The detained Columbia University activist Mohsen Mahdawi was released from prison Wednesday morning after a federal judge's ruling in Burlington. He will be able to remain at home in Vermont and attend classes amid ongoing immigration proceedings.
“This is what justice is,” Mahdawi said after the ruling, speaking to a crowd of supporters outside the courthouse. “And for anybody who is doubting justice, this is a light of hope, a hope and faith in the justice system in America.”
The Trump administration detained Mahdawi, a green-card holder, at a citizenship appointment in Vermont earlier this month. Secretary of State Marco Rubio said in a letter that Mahdawi should be deported because his pro-Palestinian activism threatens foreign policy goals, including “to combat anti-Semitism around the world and in the United States" — an allegation Mahdawi and his lawyers flatly refute.
Mahdawi's lawyers say his arrest was unconstitutional, in retaliation for Mahdawi's advocacy for Palestinian human rights.
In its arguments, a lawyer representing the government said that the court did not have authority to release Mahdawi. And it said even if it did, Mahdawi posed a threat to his community — referencing a 2015 Windsor Police Department report in which a local gun shop owner described Mahdawi as suspicious and alleged he made violent comments about Jewish people.
Mahdawi’s lawyers said the allegations were untrue and called them “cartoonishly racist hearsay.” They said an FBI agent had looked into the allegations and decided to close the case.

That satisfied U.S. District Court Judge Geoffrey Crawford, who agreed that Mahdawi was not at risk of harming the community nor fleeing from court proceedings — a point he said was underscored by the more than 90 letters he received from Mahdawi’s supporters ahead of the hearing.
Some of those supporters were in the courtroom Wednesday, and quietly cried and held hands in the courtroom as Crawford read his decision. Crawford said Mahdawi can go back to his home in Vermont and continue attending classes at Columbia University, where he's supposed to graduate this spring.

Hearings in Mahdawi's immigration court case, which is separate, are scheduled to begin soon.
At the courthouse Wednesday, Mahdawi said he saw the fight for justice in America and that of the Palestinian people as intertwined.
“And I'm saying it clear and loud to President Trump and his cabinet: I am not afraid of you,” he said.
The three members of Vermont's congressional delegation — Sen.

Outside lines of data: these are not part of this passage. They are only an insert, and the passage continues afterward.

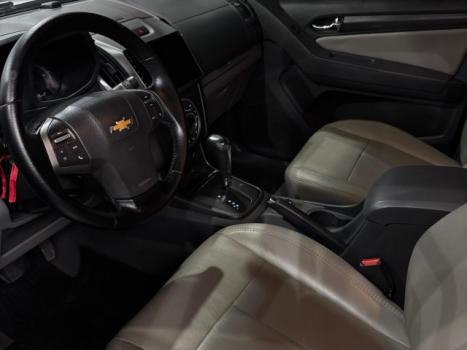CHEVROLET S10 2.8 16V LTZ CABINE DUPLA TURBO DIESEL, Foto 9
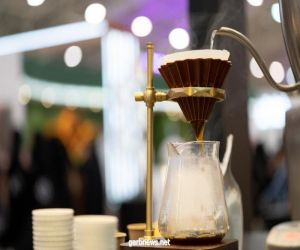 انطلاق مهرجان القهوة والشوكولاتة في جدة.. غداً الأربعاء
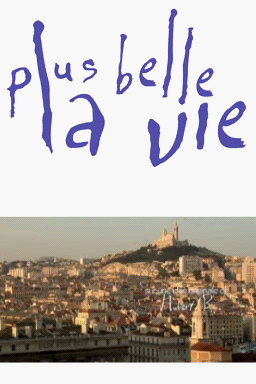 Plus Belle La Vie - Le Secret Du Dr Livia — sstitle (WOR)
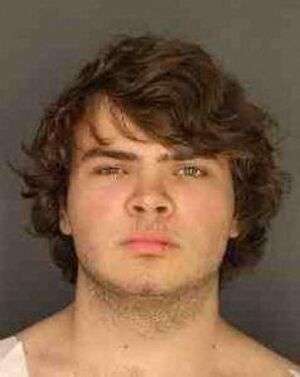 illustration Tuerie de Buffalo : le jeune tireur condamné à la prison à vie pour meurtres racistes et terrorisme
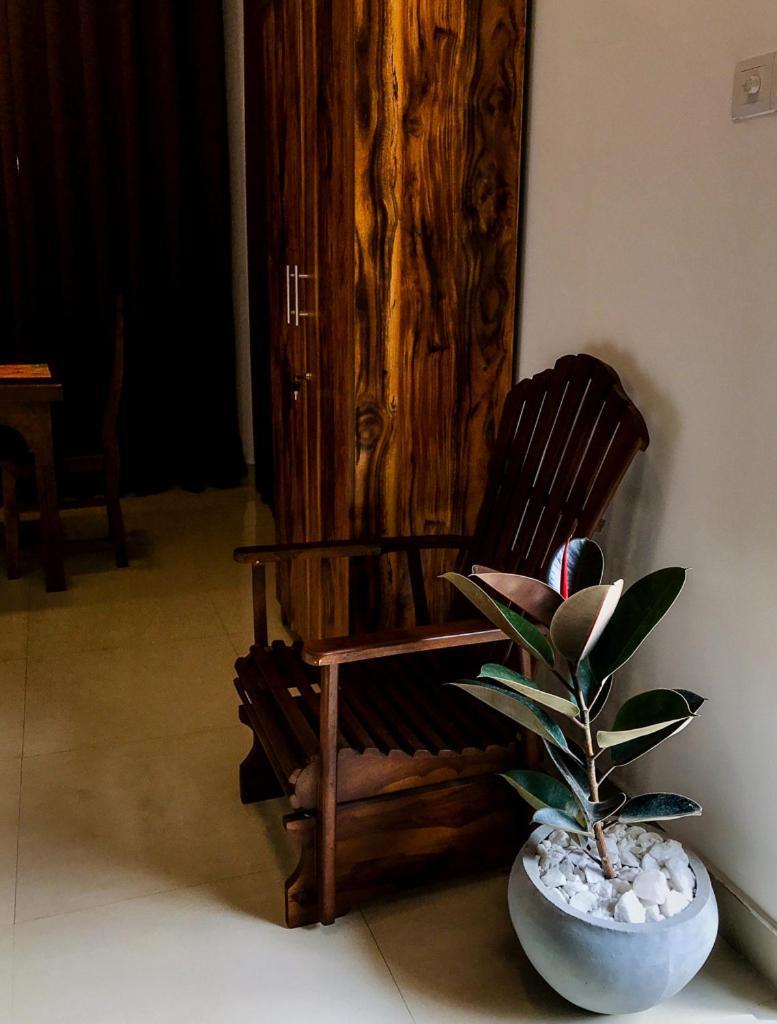 Weligama Bay Watsila Resort 外观 照片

Peter Welch, Sen. Bernie Sanders and Rep. Becca Balint — have opposed his arrest, and Welch visited Mahdawi in prison earlier in the month. In a statement, they said Wednesday's decision meant the constitutional right to due process has prevailed.
"Mohsen Mahdawi is here in the United States legally and acted legally. He should never have experienced this grave injustice,” Sanders, Welch, and Balint said in the statement. “The Trump Administration’s actions in this case—and in so many other cases of wrongfully detained, deported, and disappeared people — are shameful and immoral. This is an important first step. We will continue the fight against President Trump’s assault on the rule of law.”